Podróżować
W Dniu Pamięci 2011 w Miami Narces Benoit był świadkiem i złapał na swoim telefonie komórkowym grupę policjantów strzelających i zabijających podejrzanego w pościgu samochodowym.
Następnie trzymano go w celowniku, zakładano mu kajdanki, rozbił telefon i zabrano do kwatery głównej na przesłuchanie. Nigdy nie znaleźli karty pamięci, którą bezpiecznie schował do ust.
Film został później przesłany na YouTube i szybko stał się wirusowy.
Po raz kolejny kolejny przykład zastraszania i prześladowania fotografów, którzy już są określani jako zboczeńcy lub terroryści.

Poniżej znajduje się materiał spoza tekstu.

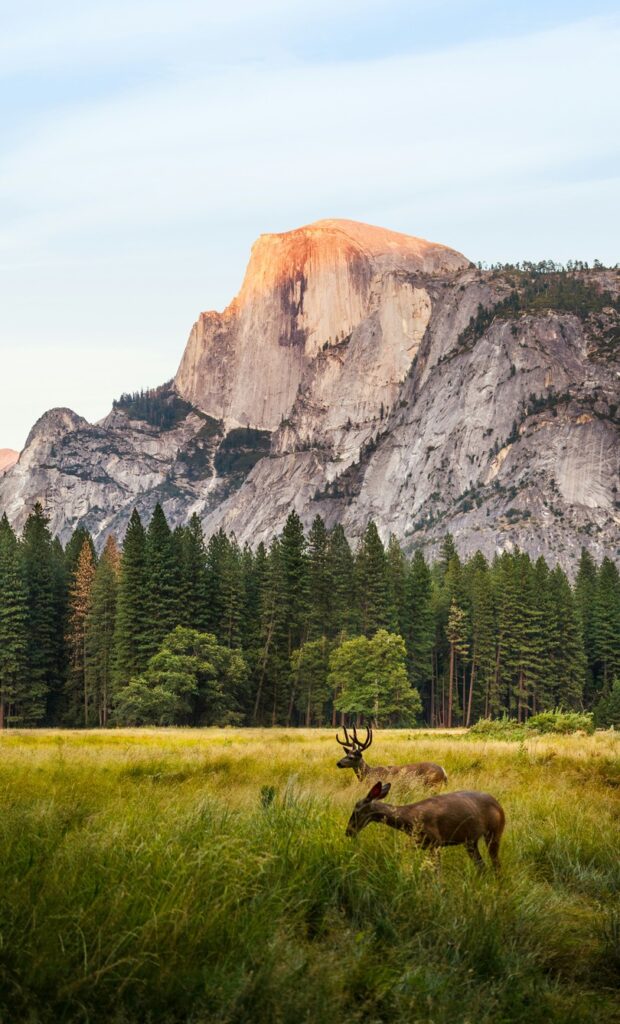deer in a meadow in Yosemite National Park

Jak powiedział ogólny radca prawny National Press Photographers Association Mickey H. Osterreicher:
„Choć może być zrozumiałe, że twoi oficerowie mieli większe napięcie po strzelaninie w Herisse, wciąż nie jest to usprawiedliwieniem dla nich nękanie, zastraszanie, grożenie lub atakowanie osób wykonujących zdjęcia / filmy na publicznej ulicy” […] „Niedawno w Egipcie obywatele Syrii i Libii oraz fotoreporterzy ryzykowali, a w niektórych przypadkach dawali, życie, aby przedstawić wizualny dowód represyjnych działań rządowych. Szkoda, że to, co postrzegane jest za granicą jako heroiczne, jest uważane za podejrzane w domu.”